### What to work on
Using the records below, transcribe word for word the stretch from the line that contains "GELATELLI High Protein" through the line that contains "Tiempo de guerra, óleo", both end lines included, and nothing else.

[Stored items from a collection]
▽
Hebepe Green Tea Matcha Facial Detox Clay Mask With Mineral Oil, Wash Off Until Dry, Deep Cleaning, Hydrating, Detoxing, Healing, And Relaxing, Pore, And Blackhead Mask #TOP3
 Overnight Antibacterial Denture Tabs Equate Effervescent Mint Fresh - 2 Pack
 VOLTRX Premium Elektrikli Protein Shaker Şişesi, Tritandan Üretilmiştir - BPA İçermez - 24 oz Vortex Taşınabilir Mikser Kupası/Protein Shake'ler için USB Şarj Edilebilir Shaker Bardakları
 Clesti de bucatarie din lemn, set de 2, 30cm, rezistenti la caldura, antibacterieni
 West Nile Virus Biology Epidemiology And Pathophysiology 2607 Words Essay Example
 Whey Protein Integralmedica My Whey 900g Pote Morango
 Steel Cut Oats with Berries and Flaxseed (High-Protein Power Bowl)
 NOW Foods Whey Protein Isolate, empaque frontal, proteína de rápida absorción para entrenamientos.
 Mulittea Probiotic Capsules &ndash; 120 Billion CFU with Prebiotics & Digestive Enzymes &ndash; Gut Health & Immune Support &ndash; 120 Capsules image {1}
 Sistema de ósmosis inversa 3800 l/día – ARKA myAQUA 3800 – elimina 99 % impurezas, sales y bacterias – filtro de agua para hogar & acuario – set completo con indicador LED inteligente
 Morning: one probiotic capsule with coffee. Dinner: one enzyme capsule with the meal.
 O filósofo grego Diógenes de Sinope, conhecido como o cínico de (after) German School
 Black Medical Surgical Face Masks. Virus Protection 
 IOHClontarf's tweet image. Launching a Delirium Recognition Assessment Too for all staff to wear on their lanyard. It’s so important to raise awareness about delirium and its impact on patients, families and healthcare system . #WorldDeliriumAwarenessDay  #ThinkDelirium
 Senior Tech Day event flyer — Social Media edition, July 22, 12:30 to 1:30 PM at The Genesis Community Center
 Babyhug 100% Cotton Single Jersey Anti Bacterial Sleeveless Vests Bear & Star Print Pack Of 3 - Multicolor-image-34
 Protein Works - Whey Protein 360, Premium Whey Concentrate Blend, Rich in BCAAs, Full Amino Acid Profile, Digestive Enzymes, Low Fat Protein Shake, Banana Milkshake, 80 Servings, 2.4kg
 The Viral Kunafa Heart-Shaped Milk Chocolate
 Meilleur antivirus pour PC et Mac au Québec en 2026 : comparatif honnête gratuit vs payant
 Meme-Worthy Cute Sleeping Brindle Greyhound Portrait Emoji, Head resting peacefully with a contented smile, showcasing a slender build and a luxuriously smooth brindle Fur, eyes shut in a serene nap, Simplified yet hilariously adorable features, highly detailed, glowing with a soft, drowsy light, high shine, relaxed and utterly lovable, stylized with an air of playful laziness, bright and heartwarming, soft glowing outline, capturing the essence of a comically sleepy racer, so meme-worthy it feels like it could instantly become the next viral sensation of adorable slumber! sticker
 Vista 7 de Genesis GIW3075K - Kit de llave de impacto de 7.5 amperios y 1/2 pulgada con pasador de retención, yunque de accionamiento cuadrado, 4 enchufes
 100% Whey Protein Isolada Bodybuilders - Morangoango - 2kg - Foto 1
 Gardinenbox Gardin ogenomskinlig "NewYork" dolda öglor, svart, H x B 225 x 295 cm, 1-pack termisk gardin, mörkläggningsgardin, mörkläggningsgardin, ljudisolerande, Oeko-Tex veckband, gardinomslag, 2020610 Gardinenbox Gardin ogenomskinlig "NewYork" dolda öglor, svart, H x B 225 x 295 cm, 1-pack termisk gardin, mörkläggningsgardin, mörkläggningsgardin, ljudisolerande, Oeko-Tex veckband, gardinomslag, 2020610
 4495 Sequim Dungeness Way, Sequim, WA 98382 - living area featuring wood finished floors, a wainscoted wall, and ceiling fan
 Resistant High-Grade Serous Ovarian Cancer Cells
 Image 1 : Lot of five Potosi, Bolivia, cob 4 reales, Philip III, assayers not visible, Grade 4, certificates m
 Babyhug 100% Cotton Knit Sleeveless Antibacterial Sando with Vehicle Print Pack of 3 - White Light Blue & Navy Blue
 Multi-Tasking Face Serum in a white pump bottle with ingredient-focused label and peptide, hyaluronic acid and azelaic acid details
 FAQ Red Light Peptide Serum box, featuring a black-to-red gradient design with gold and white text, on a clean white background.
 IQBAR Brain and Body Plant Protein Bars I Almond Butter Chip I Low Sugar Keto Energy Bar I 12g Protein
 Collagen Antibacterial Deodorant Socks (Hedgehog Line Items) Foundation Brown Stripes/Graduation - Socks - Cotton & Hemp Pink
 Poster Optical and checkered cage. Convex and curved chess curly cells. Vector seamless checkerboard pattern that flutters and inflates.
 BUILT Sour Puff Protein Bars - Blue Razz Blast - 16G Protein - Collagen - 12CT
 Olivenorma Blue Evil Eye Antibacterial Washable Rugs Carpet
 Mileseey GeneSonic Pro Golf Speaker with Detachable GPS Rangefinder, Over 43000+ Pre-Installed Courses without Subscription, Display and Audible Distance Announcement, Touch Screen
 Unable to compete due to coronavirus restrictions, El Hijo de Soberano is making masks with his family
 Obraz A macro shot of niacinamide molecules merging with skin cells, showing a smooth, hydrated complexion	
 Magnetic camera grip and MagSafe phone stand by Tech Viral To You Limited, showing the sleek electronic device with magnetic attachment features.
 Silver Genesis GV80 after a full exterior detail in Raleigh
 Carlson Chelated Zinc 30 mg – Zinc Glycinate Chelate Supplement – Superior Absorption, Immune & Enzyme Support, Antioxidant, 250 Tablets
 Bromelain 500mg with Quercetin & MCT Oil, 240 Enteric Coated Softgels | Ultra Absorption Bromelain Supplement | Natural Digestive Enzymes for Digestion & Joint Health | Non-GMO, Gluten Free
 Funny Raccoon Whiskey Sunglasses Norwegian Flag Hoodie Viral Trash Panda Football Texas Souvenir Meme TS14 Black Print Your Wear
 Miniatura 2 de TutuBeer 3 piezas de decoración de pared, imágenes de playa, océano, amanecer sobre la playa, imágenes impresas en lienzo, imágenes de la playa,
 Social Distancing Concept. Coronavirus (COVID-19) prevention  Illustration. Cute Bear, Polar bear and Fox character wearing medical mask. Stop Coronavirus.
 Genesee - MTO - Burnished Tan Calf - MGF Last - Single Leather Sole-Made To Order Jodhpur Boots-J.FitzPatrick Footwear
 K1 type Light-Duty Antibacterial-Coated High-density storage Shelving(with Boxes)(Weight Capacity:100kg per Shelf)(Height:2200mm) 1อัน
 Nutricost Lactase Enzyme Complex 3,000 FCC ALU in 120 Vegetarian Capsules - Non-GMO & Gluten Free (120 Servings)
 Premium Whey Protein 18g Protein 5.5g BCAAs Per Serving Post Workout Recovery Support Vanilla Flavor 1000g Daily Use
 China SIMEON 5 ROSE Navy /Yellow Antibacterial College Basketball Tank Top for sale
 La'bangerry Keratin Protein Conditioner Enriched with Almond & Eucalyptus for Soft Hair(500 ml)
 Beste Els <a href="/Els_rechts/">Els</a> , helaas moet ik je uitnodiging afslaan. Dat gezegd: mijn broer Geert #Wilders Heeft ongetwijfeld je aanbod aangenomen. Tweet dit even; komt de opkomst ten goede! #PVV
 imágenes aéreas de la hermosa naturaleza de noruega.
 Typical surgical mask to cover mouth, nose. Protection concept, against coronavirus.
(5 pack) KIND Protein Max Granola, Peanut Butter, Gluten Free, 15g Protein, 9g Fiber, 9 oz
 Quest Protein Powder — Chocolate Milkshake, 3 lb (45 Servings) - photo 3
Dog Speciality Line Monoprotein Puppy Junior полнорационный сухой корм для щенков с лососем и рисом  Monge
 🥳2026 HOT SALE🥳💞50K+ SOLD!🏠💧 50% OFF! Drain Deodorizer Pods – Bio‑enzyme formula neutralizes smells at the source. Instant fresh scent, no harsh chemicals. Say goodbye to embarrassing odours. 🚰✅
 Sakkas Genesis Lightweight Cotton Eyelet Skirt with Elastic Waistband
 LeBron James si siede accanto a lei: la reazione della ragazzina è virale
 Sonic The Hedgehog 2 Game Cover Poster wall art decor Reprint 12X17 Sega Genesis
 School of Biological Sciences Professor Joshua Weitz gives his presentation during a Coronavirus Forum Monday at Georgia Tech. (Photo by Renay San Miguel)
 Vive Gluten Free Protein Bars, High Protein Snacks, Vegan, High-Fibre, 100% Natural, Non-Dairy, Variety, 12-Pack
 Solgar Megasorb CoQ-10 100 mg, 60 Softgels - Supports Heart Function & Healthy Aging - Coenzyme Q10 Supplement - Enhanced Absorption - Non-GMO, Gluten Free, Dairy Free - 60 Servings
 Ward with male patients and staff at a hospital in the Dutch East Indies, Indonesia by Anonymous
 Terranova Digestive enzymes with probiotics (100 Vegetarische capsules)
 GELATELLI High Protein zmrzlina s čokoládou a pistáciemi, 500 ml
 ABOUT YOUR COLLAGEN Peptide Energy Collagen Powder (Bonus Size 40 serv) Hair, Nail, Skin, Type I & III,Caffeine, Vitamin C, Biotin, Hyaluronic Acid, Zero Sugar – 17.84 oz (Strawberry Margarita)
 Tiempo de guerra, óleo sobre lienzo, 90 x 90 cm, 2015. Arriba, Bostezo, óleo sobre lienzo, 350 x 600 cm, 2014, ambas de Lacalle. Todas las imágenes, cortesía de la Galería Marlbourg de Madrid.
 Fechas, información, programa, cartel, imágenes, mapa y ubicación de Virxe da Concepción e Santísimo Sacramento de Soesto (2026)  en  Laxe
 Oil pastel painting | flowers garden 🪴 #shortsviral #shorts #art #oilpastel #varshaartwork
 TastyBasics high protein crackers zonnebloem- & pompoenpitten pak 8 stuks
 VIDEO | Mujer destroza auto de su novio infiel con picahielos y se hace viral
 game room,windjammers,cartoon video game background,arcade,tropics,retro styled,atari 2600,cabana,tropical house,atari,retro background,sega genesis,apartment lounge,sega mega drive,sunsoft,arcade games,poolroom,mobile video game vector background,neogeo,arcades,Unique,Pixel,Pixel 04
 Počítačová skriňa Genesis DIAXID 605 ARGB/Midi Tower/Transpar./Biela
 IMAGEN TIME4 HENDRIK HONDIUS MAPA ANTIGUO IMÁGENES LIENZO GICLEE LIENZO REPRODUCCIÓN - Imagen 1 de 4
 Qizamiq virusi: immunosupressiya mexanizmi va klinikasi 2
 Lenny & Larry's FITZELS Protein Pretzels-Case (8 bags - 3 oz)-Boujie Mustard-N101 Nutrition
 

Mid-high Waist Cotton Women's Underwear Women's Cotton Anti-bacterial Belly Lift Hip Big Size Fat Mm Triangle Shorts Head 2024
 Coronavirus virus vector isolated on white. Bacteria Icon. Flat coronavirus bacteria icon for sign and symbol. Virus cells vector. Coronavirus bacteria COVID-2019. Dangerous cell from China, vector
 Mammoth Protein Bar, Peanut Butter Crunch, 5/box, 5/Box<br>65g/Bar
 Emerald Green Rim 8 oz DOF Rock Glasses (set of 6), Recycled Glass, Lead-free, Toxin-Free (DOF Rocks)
△
### Final answer
 GELATELLI High Protein zmrzlina s čokoládou a pistáciemi, 500 ml
 ABOUT YOUR COLLAGEN Peptide Energy Collagen Powder (Bonus Size 40 serv) Hair, Nail, Skin, Type I & III,Caffeine, Vitamin C, Biotin, Hyaluronic Acid, Zero Sugar – 17.84 oz (Strawberry Margarita)
 Tiempo de guerra, óleo sobre lienzo, 90 x 90 cm, 2015. Arriba, Bostezo, óleo sobre lienzo, 350 x 600 cm, 2014, ambas de Lacalle. Todas las imágenes, cortesía de la Galería Marlbourg de Madrid.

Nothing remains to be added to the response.